The split arises from how the two courts handled Dodd-Frank’s additions to subsection 21F of the Securities Exchange Act of 1934 (the Act), revisions entitled “Securities Whistleblower Incentives and Protection.” 15 U.S.C. § 78u-6. One provision, subsection 21F(a)(6), defines a “whistleblower” as an individual “who provides information relating to a violation of the securities laws to the Commission …” (emphasis supplied). The Asadi court found that language to be definitive. If the “whistleblower” did not make a report to the SEC, then the statute did not apply.
The Berman court focused on another provision that specifically addresses protection from retaliation. It prohibits retaliation not only when an individual provides information to the SEC or participates in investigative or judicial action of the Commission, but also prohibits retaliation in situations of internal reporting, specifically for any lawful act done by the whistleblower:
“…(iii) in making disclosures that are required or protected under the Sarbanes-Oxley Act of 2002…, this chapter [i.e., the Exchange Act], section 1513 (e) of Title 18, and any other law, rule, or regulation subject to the jurisdiction of the Commission.” See 15 U.S.C. § 78u-6(h)(1)(A) (emphasis added).
Numerous disclosures required or protected within this language, including those made under Sarbanes-Oxley, do not require a report to the SEC.
In essence, the circuit court split demonstrates two very different approaches of legislative interpretation. The Asadi court chose to ignore the SEC’s interpretation of the law while the Berman court chose to defer to the agency.
As the governing agency, the SEC has taken the position in its implementing regulations that individuals who report internally may obtain the remedies Dodd-Frank affords against retaliation, irrespective of whether or not the individual qualifies as a whistleblower for the significant financial “bounty” awards of Dodd-Frank (the “bounty” provision requires a report to the SEC). Relying on the ambiguity of the statutory provisions, the Second Circuit granted Chevron deference—deference to the agency charged with administering the regulations—to what it found was the Commission’s reasonable interpretation of the statute.

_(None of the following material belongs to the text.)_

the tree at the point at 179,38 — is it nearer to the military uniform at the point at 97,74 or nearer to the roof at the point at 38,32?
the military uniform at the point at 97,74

Of particular note in the Berman decision was the court’s reasoning that certain categories of whistleblowers cannot report wrongdoing to the Commission because of obligations they have to first report it to the employer, specifically, “auditors and attorneys.” According to the court, to leave such individuals without Dodd-Frank’s retaliation protections for internal complaints unreasonably limited the scope of subsection (iii) to nothing (or almost nothing).
Whether the Supreme Court or Congress will promptly address the conflict in the appellate circuits remains an open question. Perhaps more importantly, though, all employers—public and private companies alike—should take the conflicting rulings as a reminder that government regulators and employees will aggressively pursue allegations of retaliation for making internal complaints, especially those related to reports of fraud and financial misconduct.
The conflict continues to show the stakes are high when companies gamble with internal whistleblowers. Prudent employers are advised to focus attention and resources on upgrading their internal reporting and incident management systems and ensuring that the reasons for employee discipline are sound and well-documented.
In doing so, employers should consider how legally proper, consistent, and thorough their responses are to all allegations of misconduct, not just fraud. Effective investigation programs foster exactly that consistency and are pivotal to an effective ethics and compliance program. As best practices, investigations functions should include:
- Well-designed investigation guidelines.
- Escalation and notification protocols for stakeholders.
- Management training on investigations, retaliation, and response to concerns.
- Board training on the standard investigation process.
- Legal oversight of the investigation function.
- Experienced and knowledgeable investigative staff.
- Anti-retaliation messaging, reporting definitions, effective reporting channels.
- Trends and issues reporting integrated into the ethics and compliance program.